En se couchant hier on a pris connaissance des dernières nouvelles, grâce aux programmes télévisés. Au lever, ce matin, les nouvelles de la nuit d’hier ne sont déjà plus du tout nouvelles car supplantées par d’autres, plus fraîches (comme on dit) mais tout aussi sinistres, sinon plus… Des exemples ? En voici : les généraux birmans toujours aussi inflexibles et le ministre Kouchner qui dit à haute voix ce que nous disions dans ce même blog il y a dix jours : les autorités birmanes vont se rendre coupables de crime contre l’humanité en empêchant l’aide internationale de parvenir là où on l’attend… La Chine ? On regarde avec soulagement le sauvetage de quelques miraculés, délivrés de sous les décombres après plus de 120 heures de cauchemar… Ingrid Betancourt, le Tibet, oubliés…
Mon Dieu ! Quand donc cela va-t-il s’arrêter ? Et dans l’intervalle, presque entre les gouttes, quelques nouvelles de chez nous qui paraissent totalement décalées : les marins pécheurs qui bloquent l’accès à l’île d’Oléron, suite au renchérissement du prix du gasoil… Vous vous rendez compte, ce carburant est devenu presque aussi cher que le super carburant ? Mais c’est inadmissible !! Je rappelle que quelques secondes auparavant on nous montrait des mamans chinoises poussant de cris de douleur en identifiant les cadavres de leurs proches, ou des rescapés birmans reconnaissant jeter les cadavres à la rivière pour conjurer le danger d’épidémie… Dans la foulée, toujours après quelques secondes, les supporteurs exaltés de Marseille, de Lens ou de Lyon qui disent leur soulagement de ne pas avoir été relégués en ligue II. Oh, oui, on respire pour eux ! Mais quel drame c’eût été de se retrouver en ligue II, la vie eût été insupportable…

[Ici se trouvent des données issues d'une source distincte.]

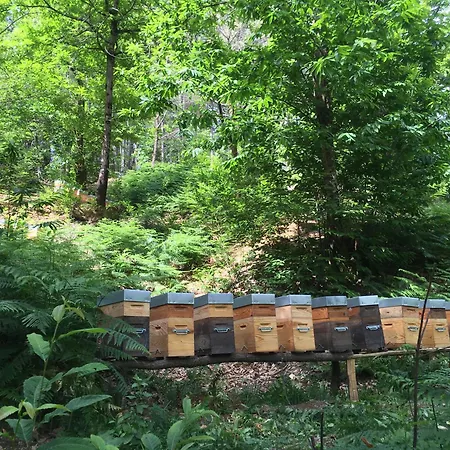 Ferienhaus Mazet A La Ferme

Que dire ! Cette semaine, Le Figaro consacrait une partie de son supplément littéraire au grand ethnologue français Claude Lévi-Strauss, savant remarquable qui a porté la science française aux quatre coins de l’univers ; il y avait un petit croquis humoristique présentant un jeune hippie qui demandait à une libraire le Guide des Tropiques et la dame répondait, d’un ton désolé, Tristes tropiques…
Oui, tristes tropiques !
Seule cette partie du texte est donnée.